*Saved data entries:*

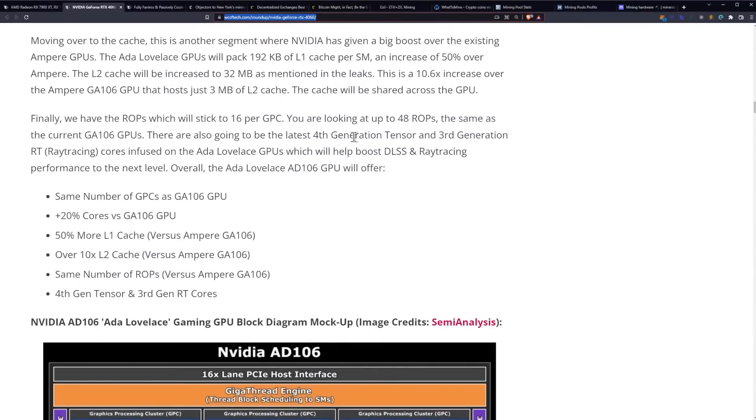Moving over to the cache, this is another segment where NVIDIA has given a big boost over their existing Ampere GPUs. The Ada Lovelace GPUs will pack 192 kilobytes of L1 cache per SM, an increase of 50% over Ampere. The L2 cache will be increased to 32 MB, as mentioned in the leaks. This is a 10.6x increase over the Ampere GA106 GPU that hosts just 3 MB of L2 cache.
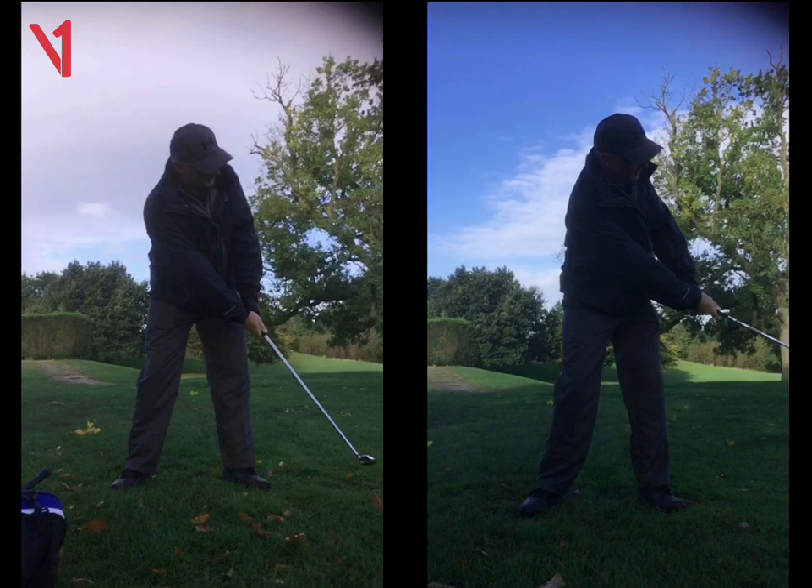The final thing was weight on your left side — make sure you keep that weight on your front foot. You don't want to fall back too much; that's when the thin shots are going to come in. So just with the setup, hands on the club, weight on your left side, and thinking about that swing length. Any questions on that? Great.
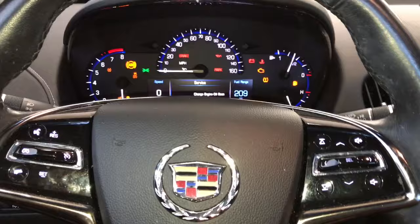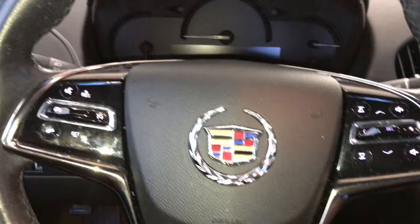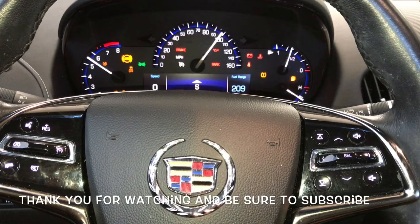Then you will press and release the accelerator pedal three times in a row within five seconds — one, two, three. Now you're going to cycle the key off, put your foot on the brake, then start the vehicle and the message will disappear on the heads-up display.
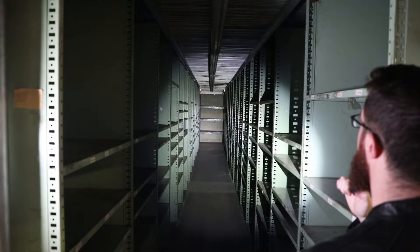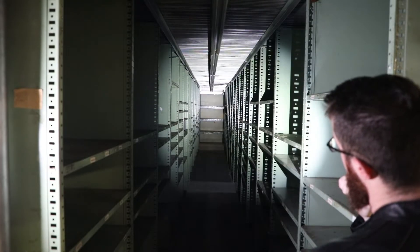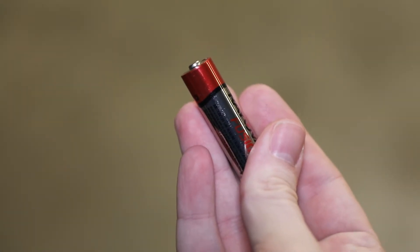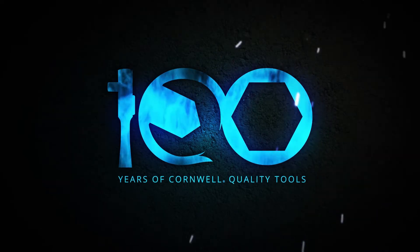It's compact to store where needed and is a reliable source of bright light. One double-A battery is all you need to run it. Available from your local Cornwell dealer today.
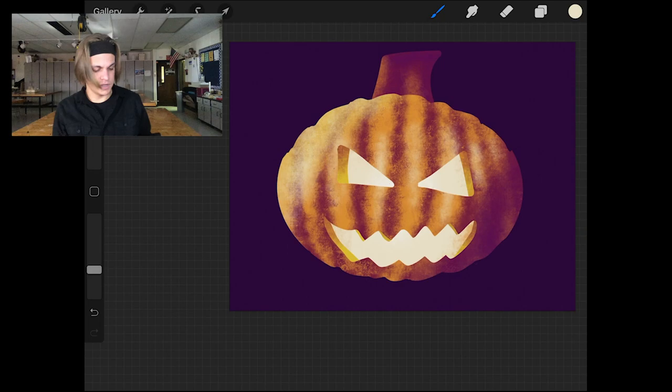And there it is — that's my jack-o'-lantern. Maybe next year I'll be better at carving it and won't need to draw my own. But in the meantime, happy Halloween. I still need to figure out a costume. Thanks for watching guys.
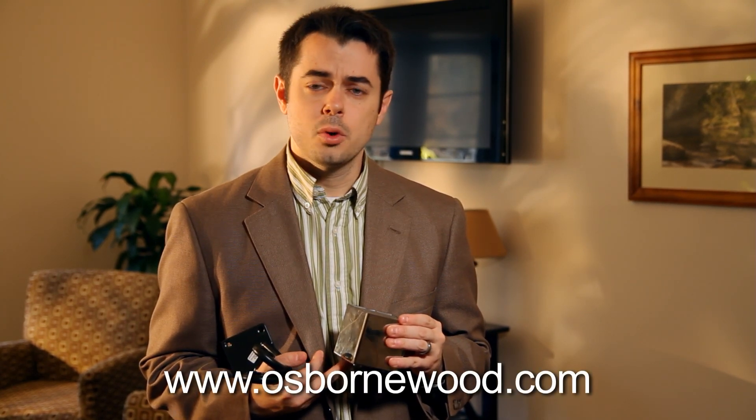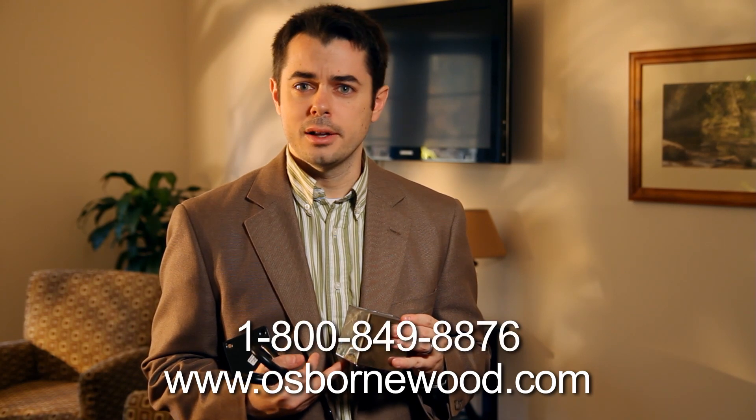You can check out the whole line on our website, osbornewood.com, or call us at 1-800-849-8876.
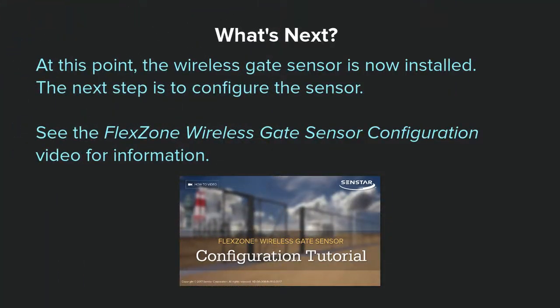At this point, the wireless gate sensor is now installed. The next step is to configure it. See the FlexZone wireless gate sensor configuration video for information.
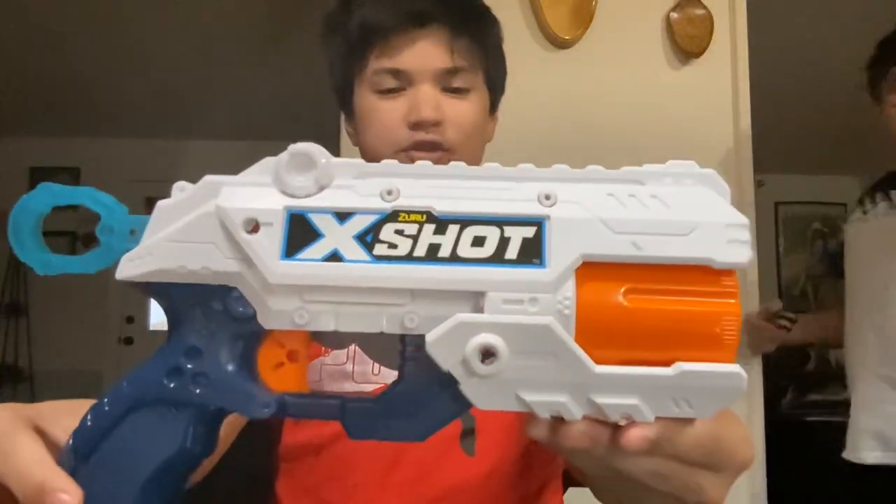Hey guys, welcome back to my channel for a review of the X-Shot Reflex 6.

*Exercise details:* I'd like every record transcribed exactly, with no pictures carried over.

*Solution:*
Moving over to the cache, this is another segment where NVIDIA has given a big boost over their existing Ampere GPUs. The Ada Lovelace GPUs will pack 192 kilobytes of L1 cache per SM, an increase of 50% over Ampere. The L2 cache will be increased to 32 MB, as mentioned in the leaks. This is a 10.6x increase over the Ampere GA106 GPU that hosts just 3 MB of L2 cache.
The final thing was weight on your left side — make sure you keep that weight on your front foot. You don't want to fall back too much; that's when the thin shots are going to come in. So just with the setup, hands on the club, weight on your left side, and thinking about that swing length. Any questions on that? Great.
Then you will press and release the accelerator pedal three times in a row within five seconds — one, two, three. Now you're going to cycle the key off, put your foot on the brake, then start the vehicle and the message will disappear on the heads-up display.
It's compact to store where needed and is a reliable source of bright light. One double-A battery is all you need to run it. Available from your local Cornwell dealer today.
And there it is — that's my jack-o'-lantern. Maybe next year I'll be better at carving it and won't need to draw my own. But in the meantime, happy Halloween. I still need to figure out a costume. Thanks for watching guys.
You can check out the whole line on our website, osbornewood.com, or call us at 1-800-849-8876.
At this point, the wireless gate sensor is now installed. The next step is to configure it. See the FlexZone wireless gate sensor configuration video for information.
Hey guys, welcome back to my channel for a review of the X-Shot Reflex 6.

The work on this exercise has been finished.